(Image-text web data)
□ □ □ □ □

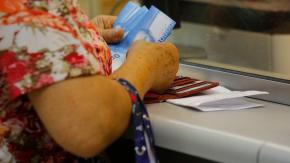 Este es el bono para mujeres dueñas de casa que entrega hasta $452 mil: Revisa con tu RUT si te corresponde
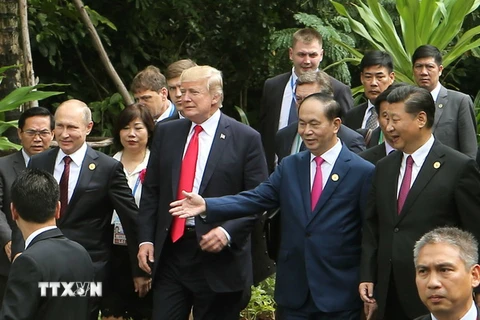 Tổng thống Nga Vladimir Putin, Tổng thống Hoa Kỳ Donald Trump, Chủ tịch nước Trần Đại Quang, Chủ tịch Trung Quốc Tập Cận Bình trên đường tới địa điểm chụp ảnh chung, sau khi kết thúc phiên họp kín tại APEC. (Ảnh: TTXVN)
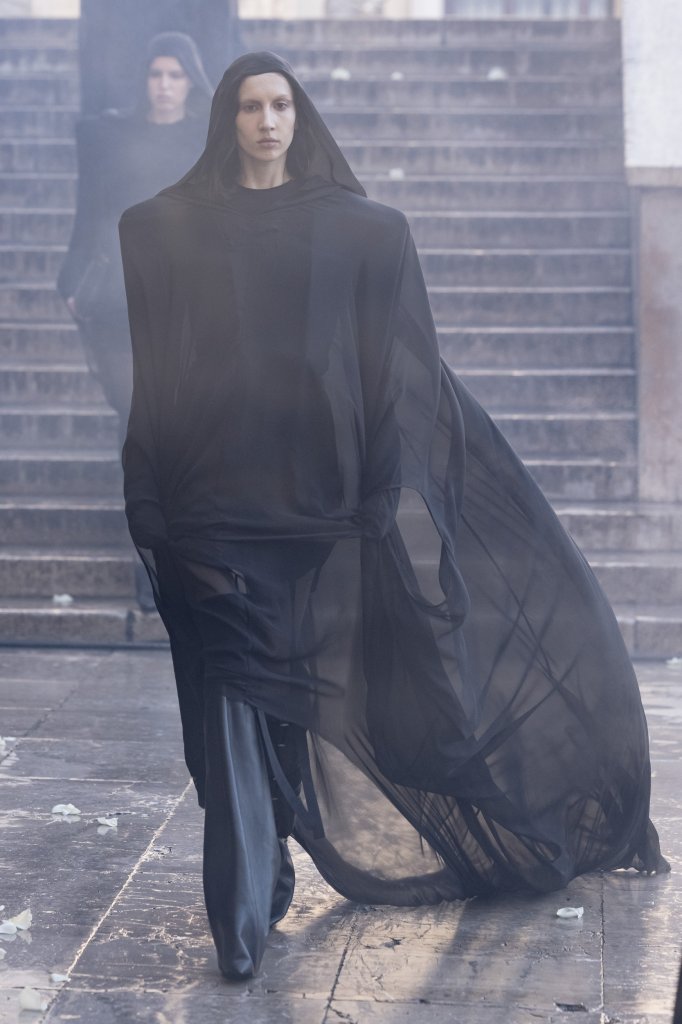 瑞克·欧文斯 Rick Owens 2025春夏高级成衣秀 - Paris Spring 2025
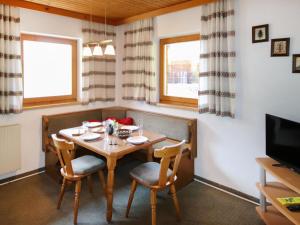 Televízia a/alebo spoločenská miestnosť v ubytovaní Apartment Jaggler by Interhome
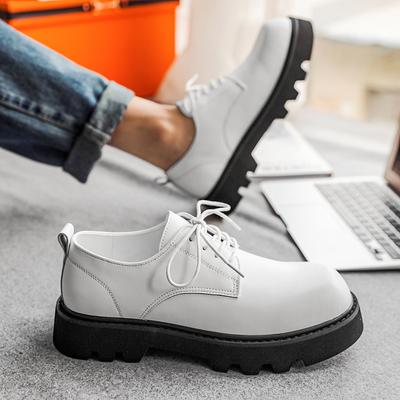 Poolsaapad – Poolsaapad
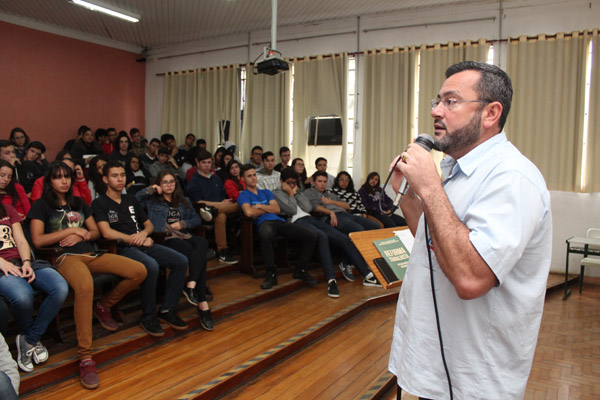 O presidente Herivelto Vela, durante palestra a alunos de mecânica, informática e administração do período da manhã
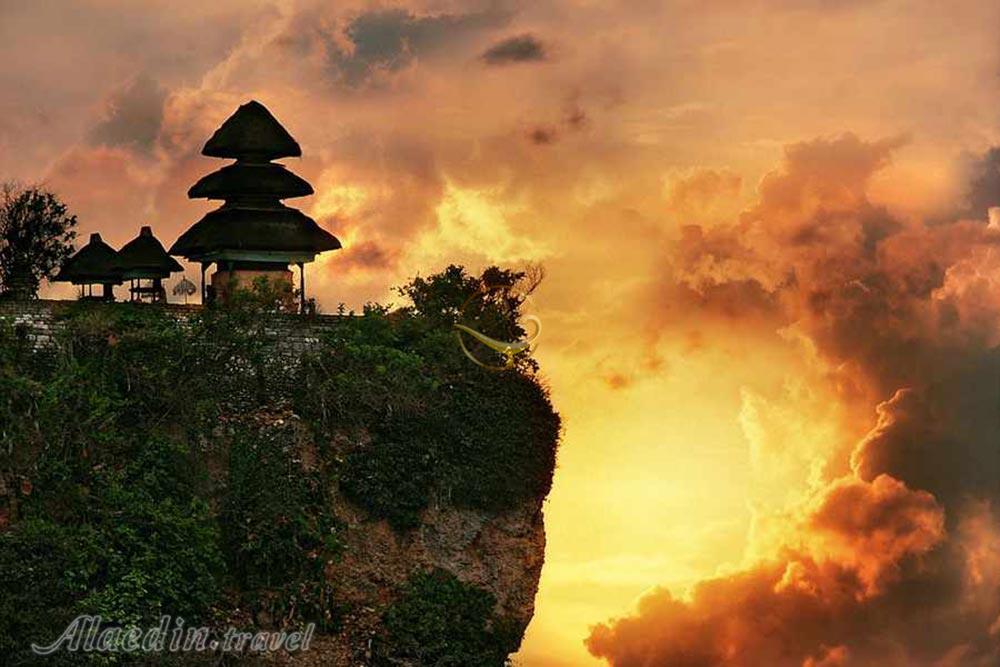 معبد اولوواتو در بالی - اندونزی | علاءالدین تراول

□ □ □ □ □

#### [Aim of the exercise]
Lines from the one with "Poolsaapad – Poolsaapad" through the final line of the records are the whole answer; print them exactly, minus any pictures.

#### [Task response]
 Poolsaapad – Poolsaapad
 O presidente Herivelto Vela, durante palestra a alunos de mecânica, informática e administração do período da manhã
 معبد اولوواتو در بالی - اندونزی | علاءالدین تراول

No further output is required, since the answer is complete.